Позже я репетировала с Ильющенко, кстати, она была женой известного кинорежиссера Сергея Юткевича, некоторые свои партии и, заходя за ней, слышала такие реплики. Уже стоя на пороге, она обращалась к остающимся: «У меня было четыре мужа, одиннадцать абортов, не перепутайте». Повздоривших между собой двух танцовщиц о праве на ведущего солиста: «Не шумите, девочки, мы все здесь родственницы». Лепешинской, зачастившей в один «высокий» дом, что было тут же замечено, Галецкая сказала: «Что это ты, Леля, повадилась в наш подъезд на последний этаж, там ведь живет геройский летчик Юмашев». — «Он еще и художник, и пишет мой портрет». «Нас тоже лепили», — обронила Ильющенко.
А Уланова всегда молчала.

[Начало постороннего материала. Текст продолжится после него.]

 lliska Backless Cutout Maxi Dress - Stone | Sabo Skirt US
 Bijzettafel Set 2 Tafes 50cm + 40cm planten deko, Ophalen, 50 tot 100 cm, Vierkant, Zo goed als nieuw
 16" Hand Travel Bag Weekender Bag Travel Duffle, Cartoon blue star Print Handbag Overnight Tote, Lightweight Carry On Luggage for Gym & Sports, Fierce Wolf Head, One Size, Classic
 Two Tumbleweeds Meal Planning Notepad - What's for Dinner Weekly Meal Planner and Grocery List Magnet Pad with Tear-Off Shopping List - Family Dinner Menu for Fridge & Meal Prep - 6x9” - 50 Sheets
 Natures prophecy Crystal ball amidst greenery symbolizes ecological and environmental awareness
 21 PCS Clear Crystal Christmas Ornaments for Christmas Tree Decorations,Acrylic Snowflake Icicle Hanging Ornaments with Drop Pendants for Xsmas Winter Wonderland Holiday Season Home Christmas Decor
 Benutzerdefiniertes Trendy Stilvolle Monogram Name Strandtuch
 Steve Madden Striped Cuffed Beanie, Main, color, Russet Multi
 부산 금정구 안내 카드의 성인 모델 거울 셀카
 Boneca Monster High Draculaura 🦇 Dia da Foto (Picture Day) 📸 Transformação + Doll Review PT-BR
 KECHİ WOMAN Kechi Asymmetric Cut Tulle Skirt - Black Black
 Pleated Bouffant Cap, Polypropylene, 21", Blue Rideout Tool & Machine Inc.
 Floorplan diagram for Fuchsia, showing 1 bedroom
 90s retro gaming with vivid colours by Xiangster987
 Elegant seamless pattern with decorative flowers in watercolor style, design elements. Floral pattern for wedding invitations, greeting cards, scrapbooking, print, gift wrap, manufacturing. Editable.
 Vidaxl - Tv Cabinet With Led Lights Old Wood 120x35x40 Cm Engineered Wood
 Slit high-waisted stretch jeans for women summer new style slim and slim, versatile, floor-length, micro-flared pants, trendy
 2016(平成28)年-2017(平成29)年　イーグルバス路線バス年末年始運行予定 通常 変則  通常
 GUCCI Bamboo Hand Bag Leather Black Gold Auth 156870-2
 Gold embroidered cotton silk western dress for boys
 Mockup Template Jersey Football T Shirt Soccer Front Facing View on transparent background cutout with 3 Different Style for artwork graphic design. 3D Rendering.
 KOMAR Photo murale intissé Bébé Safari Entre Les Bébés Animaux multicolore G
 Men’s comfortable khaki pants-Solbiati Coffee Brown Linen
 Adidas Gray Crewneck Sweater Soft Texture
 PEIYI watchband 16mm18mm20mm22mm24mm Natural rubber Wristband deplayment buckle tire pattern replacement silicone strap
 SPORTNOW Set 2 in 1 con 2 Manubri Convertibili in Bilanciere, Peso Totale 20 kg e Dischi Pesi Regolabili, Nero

Она умела молчать. Что молчание золото, ей было известно много лучше других.
Я была в дни ленинградской декады немой свидетельницей такого случая. За несколько дней до открытия что-то привело Г.С. в хореографическое училище на Пушечной. Я со стайкой подружек разговаривала на лестнице, запруженной верещащими детьми школы. Была переменка. Из-за тяжелой входной двери, которой замороченные учением бледные дети надрывали кишки, незаметно вошла Уланова. Она была в серой беличьей шубке. Весна стояла холодная. Мы замолкли на полуслове.